Directions:
Repeat the data below exactly, with every entry included.

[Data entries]
┄┄┄┄┄┄┄┄┄┄

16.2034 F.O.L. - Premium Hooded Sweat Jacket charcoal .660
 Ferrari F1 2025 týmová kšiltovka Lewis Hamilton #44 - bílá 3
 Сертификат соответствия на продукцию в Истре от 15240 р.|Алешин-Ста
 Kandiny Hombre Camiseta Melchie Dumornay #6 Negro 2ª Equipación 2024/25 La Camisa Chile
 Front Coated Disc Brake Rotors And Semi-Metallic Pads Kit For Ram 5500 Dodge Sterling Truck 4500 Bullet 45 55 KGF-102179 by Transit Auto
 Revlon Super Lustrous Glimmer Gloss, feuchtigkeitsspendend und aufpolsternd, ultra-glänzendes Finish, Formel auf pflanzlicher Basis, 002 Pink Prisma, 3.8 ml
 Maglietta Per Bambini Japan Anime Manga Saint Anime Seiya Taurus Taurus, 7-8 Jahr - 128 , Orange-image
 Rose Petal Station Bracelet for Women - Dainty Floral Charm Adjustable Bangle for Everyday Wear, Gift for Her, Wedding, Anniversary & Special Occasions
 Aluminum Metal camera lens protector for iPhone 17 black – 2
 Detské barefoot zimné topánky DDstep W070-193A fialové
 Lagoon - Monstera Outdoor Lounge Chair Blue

┄┄┄┄┄┄┄┄┄┄

Your solution:
16.2034 F.O.L. - Premium Hooded Sweat Jacket charcoal .660
 Ferrari F1 2025 týmová kšiltovka Lewis Hamilton #44 - bílá 3
 Сертификат соответствия на продукцию в Истре от 15240 р.|Алешин-Ста
 Kandiny Hombre Camiseta Melchie Dumornay #6 Negro 2ª Equipación 2024/25 La Camisa Chile
 Front Coated Disc Brake Rotors And Semi-Metallic Pads Kit For Ram 5500 Dodge Sterling Truck 4500 Bullet 45 55 KGF-102179 by Transit Auto
 Revlon Super Lustrous Glimmer Gloss, feuchtigkeitsspendend und aufpolsternd, ultra-glänzendes Finish, Formel auf pflanzlicher Basis, 002 Pink Prisma, 3.8 ml
 Maglietta Per Bambini Japan Anime Manga Saint Anime Seiya Taurus Taurus, 7-8 Jahr - 128 , Orange-image
 Rose Petal Station Bracelet for Women - Dainty Floral Charm Adjustable Bangle for Everyday Wear, Gift for Her, Wedding, Anniversary & Special Occasions
 Aluminum Metal camera lens protector for iPhone 17 black – 2
 Detské barefoot zimné topánky DDstep W070-193A fialové
 Lagoon - Monstera Outdoor Lounge Chair Blue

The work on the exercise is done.